2.5L starter of MJ Bohemian yeast had been on the go since Friday night.

About 5kg of grain milled and 31L of water treated. That includes 16L of fresh Lancashire rainwater to cut my horribly hard groundwater from the tap.

Father's Day brew in the garage in the rain is forecast. ;)
Do you collect the rain water from the roof? 🤔
 
Yes. The rain was heavy toward the end of last week so I let it pour down for half an hour to flush the dust and leaves off the roof, then diverted water from a downpipe. Collected it through a funnel lined with fine mesh bag to catch any debris.

First time for this, so fingers crossed.
 
Yes. The rain was heavy toward the end of last week so I let it pour down for half an hour to flush the dust and leaves off the roof, then diverted water from a downpipe. Collected it through a funnel lined with fine mesh bag to catch any debris.

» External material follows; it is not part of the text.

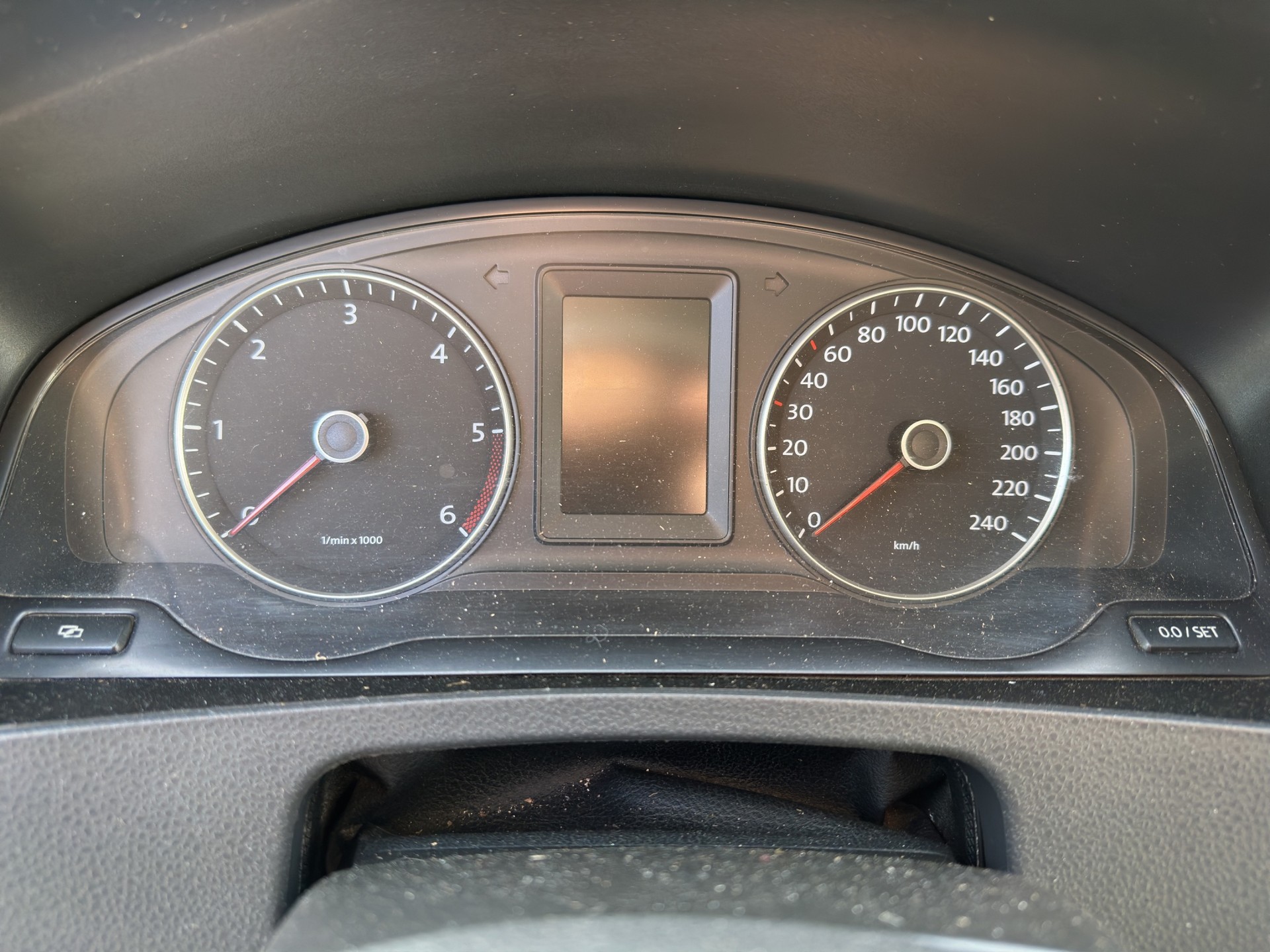 VW T5 2.0 TDI-image-5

First time for this, so fingers crossed.
Love the idea of this! I guess you can’t store it for long unless you pump it through an RO unit before use
 
Love the idea of this! I guess you can’t store it for long unless you pump it through an RO unit before use
I never considered RO due to the amount of waste water. If I was able to pump rainwater through an RO system, that might just work. How much pressure do those things need?
 
I never considered RO due to the amount of waste water. If I was able to pump rainwater through an RO system, that might just work. How much pressure do those things need?
My little thing, the same one that @strange-steve mentions in his posts, runs off my mains pressure out of my tap so I imagine a half decent pump would be man enough to do the job
 
AG27 Dunkelweizen was bottled yesterday.

As I have begun building some stocks, some bottles from the bottom of the storage box have been in there a while and needed a good clean. Cleaning and bottling and various interruptions, the whole process took a big chunk of the day. I'm happy that I've done a good job though.

FG was down to 1.011, which is better than planned, though as this was fermented at 23-24°C and left for a full two weeks, should have been expected.

Sample tasted good. I'm happy that the brown malt brings something different to the party. Looking forward to trying this next week when it's carbed up.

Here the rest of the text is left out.